Thank you everyone for your responses. So can a lapsed Catholic receive communion at another congregation, if it is an open-communion church? (I understand that if it is the closed communion church, you'd have to first convert to that church's denomination).
The defection option is no longer available today as I understand.
A Catholic can receive communion at a Protestant denomination but not licitly. Most protestant denominations do not have valid priests which means they do not have holy Eucharist and that means their holy communion is invalid. I found this on a web page (the page is
here):
According to the Code of Canon Law, receiving communion in a Protestant church is generally not permissible. According to canon 844, “Catholic ministers may licitly administer the sacraments to Catholic members of the Christian faithful only and, likewise, the latter may licitly receive the sacraments only from Catholic ministers.” The key term here is licit. If a Catholic receives communion from a Protestant minister, it is generally considered “illicit” or unlawful.
The reason for the Catholic Church’s general rule against sharing in the Eucharist with other churches is that a person can only be in full communion with one church. As a Catholic, the core of one’s union with Christ is union with the church.

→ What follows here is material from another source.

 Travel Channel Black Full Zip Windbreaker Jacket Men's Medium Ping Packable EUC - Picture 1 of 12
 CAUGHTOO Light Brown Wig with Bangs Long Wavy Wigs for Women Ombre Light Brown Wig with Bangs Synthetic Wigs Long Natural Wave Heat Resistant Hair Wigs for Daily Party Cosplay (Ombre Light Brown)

The centre of this union lies in the reception of the sacrament of the Eucharist during Mass, which is both a confession and embodiment of unity with the Roman Catholic Church.
But canon 844 includes an exception to the rule “whenever necessity requires or general spiritual advantage suggests, and provided that the danger of error or indifferentism is avoided.” [Canon 844 says more than thie quoted portion, it goes on to say "Christ's faithful for whom it is physically or morally impossible to approach a Catholic minister, may lawfully receive the sacraments of penance, the Eucharist and anointing of the sick from non-Catholic ministers in whose Churches these sacraments are valid."]

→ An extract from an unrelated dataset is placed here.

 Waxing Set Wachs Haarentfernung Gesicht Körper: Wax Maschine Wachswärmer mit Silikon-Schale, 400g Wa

The Second Vatican Council’s Decree on Ecumenism said that, as a general rule, common worship and eucharistic and other sacramental sharing should “signify the unity of the church.” But it acknowledges that such sharing can also be seen as advancing unity. In fact, according to the decree, “the gaining of a needed grace sometimes commends” it.
Still, within the confines of canon law, the exceptions to the rule are rather limited, and receiving communion from [for example] a Lutheran pastor during a wedding would normally be seen as “illicit” for Catholic wedding guests. At the same time, some Catholics would like to, and do, receive communion on these rare occasions.
I think it means No a Catholic should not receive communion in a Protestant church but some do and if they do then they've done so illicitly. I do not know if that means that they sinned, but it probably does and then they'd want to confess the sin and refrain from doing it again.